Each line below must be printed exactly as it stands.

Items from a data source
....
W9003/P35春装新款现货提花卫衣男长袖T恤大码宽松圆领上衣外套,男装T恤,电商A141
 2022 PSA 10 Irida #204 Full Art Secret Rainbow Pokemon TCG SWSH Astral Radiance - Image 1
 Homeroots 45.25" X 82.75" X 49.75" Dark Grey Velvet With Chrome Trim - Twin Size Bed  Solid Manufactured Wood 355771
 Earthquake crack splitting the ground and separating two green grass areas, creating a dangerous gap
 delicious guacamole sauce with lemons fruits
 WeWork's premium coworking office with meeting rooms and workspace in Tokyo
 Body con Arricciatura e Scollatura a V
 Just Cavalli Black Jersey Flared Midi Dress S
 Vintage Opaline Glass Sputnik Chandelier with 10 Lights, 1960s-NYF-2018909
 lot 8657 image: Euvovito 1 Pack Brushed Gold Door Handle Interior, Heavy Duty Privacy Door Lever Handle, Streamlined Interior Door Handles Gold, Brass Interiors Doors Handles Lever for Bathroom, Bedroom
....
COMPLETED TASK –
W9003/P35春装新款现货提花卫衣男长袖T恤大码宽松圆领上衣外套,男装T恤,电商A141
 2022 PSA 10 Irida #204 Full Art Secret Rainbow Pokemon TCG SWSH Astral Radiance - Image 1
 Homeroots 45.25" X 82.75" X 49.75" Dark Grey Velvet With Chrome Trim - Twin Size Bed  Solid Manufactured Wood 355771
 Earthquake crack splitting the ground and separating two green grass areas, creating a dangerous gap
 delicious guacamole sauce with lemons fruits
 WeWork's premium coworking office with meeting rooms and workspace in Tokyo
 Body con Arricciatura e Scollatura a V
 Just Cavalli Black Jersey Flared Midi Dress S
 Vintage Opaline Glass Sputnik Chandelier with 10 Lights, 1960s-NYF-2018909
 lot 8657 image: Euvovito 1 Pack Brushed Gold Door Handle Interior, Heavy Duty Privacy Door Lever Handle, Streamlined Interior Door Handles Gold, Brass Interiors Doors Handles Lever for Bathroom, Bedroom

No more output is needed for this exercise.